Пройдя вокруг Гротеска пару раз, я оторвал от него взгляд. Не смея говорить так близко к существу я убрал свой нож и сделал Харкату сигнал рукой, указывая, что нам придется перепрыгнуть через монстра в его самом узком месте, близком к тому, где его хвост загибается к голове. Харкат не был в восторге от этой идеи, но не было никакого другого способа добраться до алтаря, поэтому он неохотно кивнул. Я сделал второй набор сигналов руками, о том, что я мог прыгнуть, а Харкат должен остаться там, где он был, но он покачал головой и поднял два коротких серых пальца, чтобы показать, что мы должны оба пойти.
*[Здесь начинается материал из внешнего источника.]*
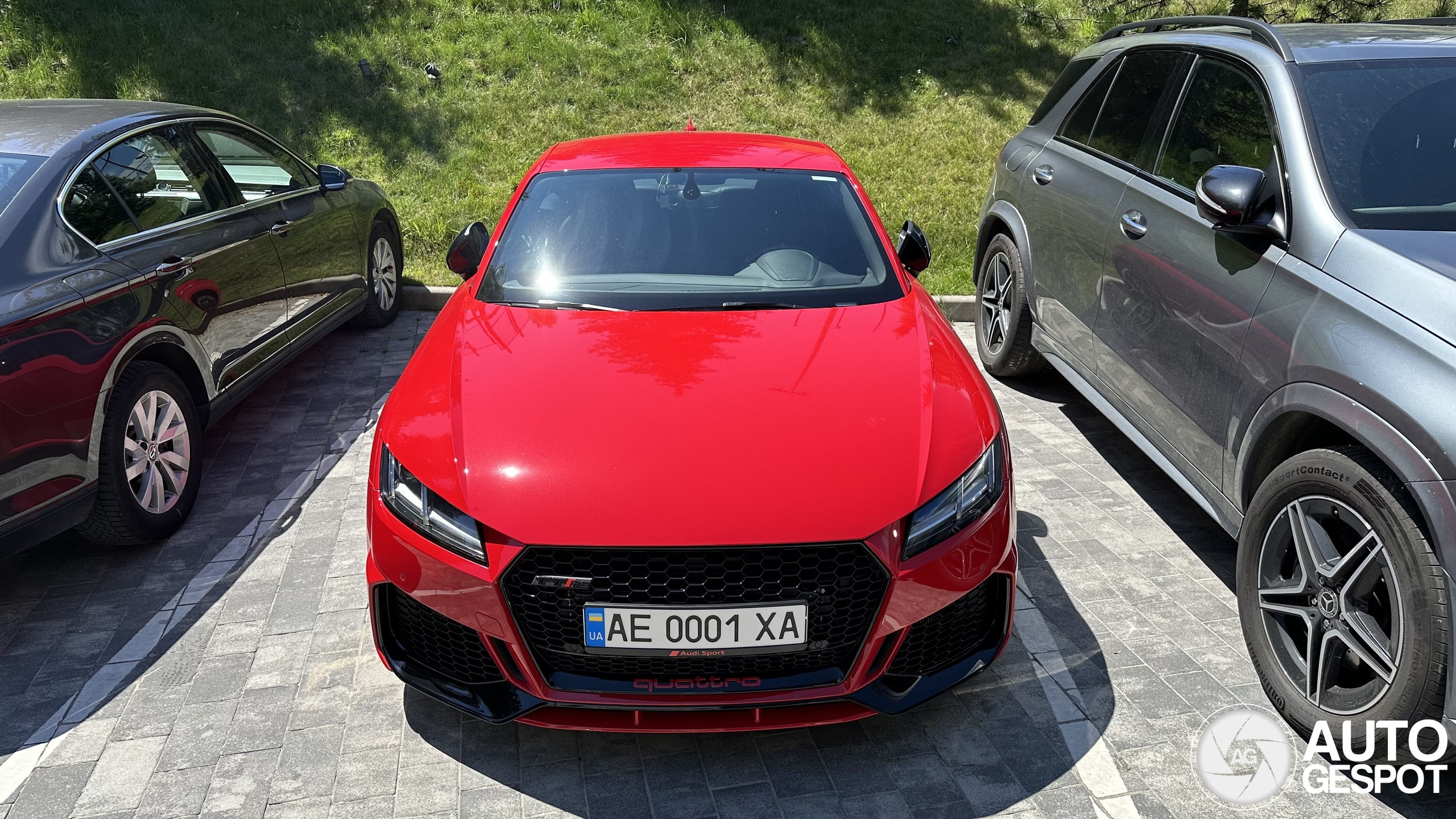 Audi TT-RS 2019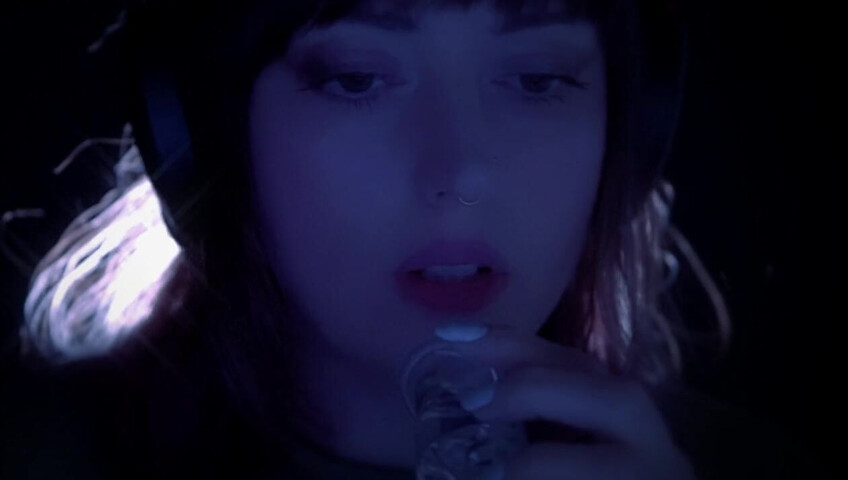 SkepticalPickle ASMR - Ear Licking and Whispers (Tiny Ears) Golden Tier
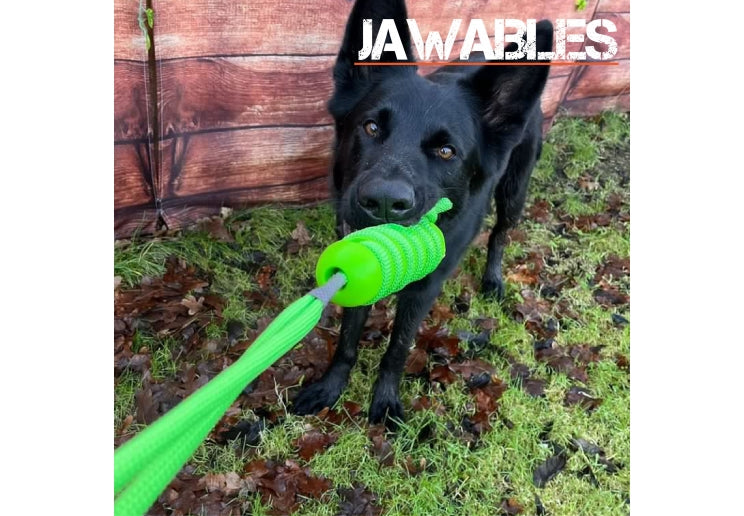 Jawables Rope Dog Toy 2 in 1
Я прыгнул первым. Я пригнулся, затем перескочил через мускульные катушки гигантского животного. Я приземлился мягко, но быстро повернулся, не желая стоять спиной к Гротеску. Он не двигался. Отступив в сторону, я кивнул Харкату, чтобы он присоединился ко мне. Он не гладко прыгнул, но его ноги не задели монстра, и я поймал его, когда он приземлился, удерживая его и приглушая звук.
Мы проверили, чтобы удостовериться, что мы не нарушили покой Гротеска, затем оказались перед высоким цилиндром и изучали пузырьки, опираясь на прозрачные полки внутри. Те, что наверху не были переполнены, но было множество внизу, тяжелых толстых с ядом от клыков Гротеска. Кулашка, должно быть, доили гиганта в течение многих десятилетий, чтобы накопить такую коллекцию.
Был морозный кристаллический фронт к цилиндру. Я ослабил его, открыл, залез внутрь, и вытащил пузырек. Он был прохладным и удивительно тяжелым. Я сунул его в рубашку, вытащил второй пузырек и передал его Харкату. Он поднял его в свет свечей, тщательно исследуя жидкость внутри.
Когда я уже достигал большего количества пузырьков, раздался крик прямо от двери храма. Пораженные, мы подняли глаза и увидели двух детей Кулашка, мальчика и девочку. Я поднял пальцы к губам и махнул детям, надеясь, что они прекратят кричать, но это только взволновало их больше. Девочка повернулась и выбежала в дверной проем, несомненно, убегая, чтобы разбудить взрослых. Мальчик остался и помчался к нам, вопя и хлопая в ладоши, хватая свечу, чтобы использовать ее как оружие.
Я сразу понял, что мы должны забыть об остальной части пузырьков. Наша единственная надежда состояла в том, чтобы быстро выбраться, прежде чем Гротеск проснется, или Кулашка вольются в храм. Будем довольствоваться парой пузырьков, которые мы украли. Оставляя дверь цилиндра открытой нараспашку, я шагнул туда, где ждал Харкат и мы приготовились прыгать. Но прежде, чем мы смогли прыгнуть, задняя часть Гротеска со свистом пронеслась назад, хлестанула голова, и мы глядели прямо в его разъяренный красный глаз — и на его обнаженные, подобные саблям клыки!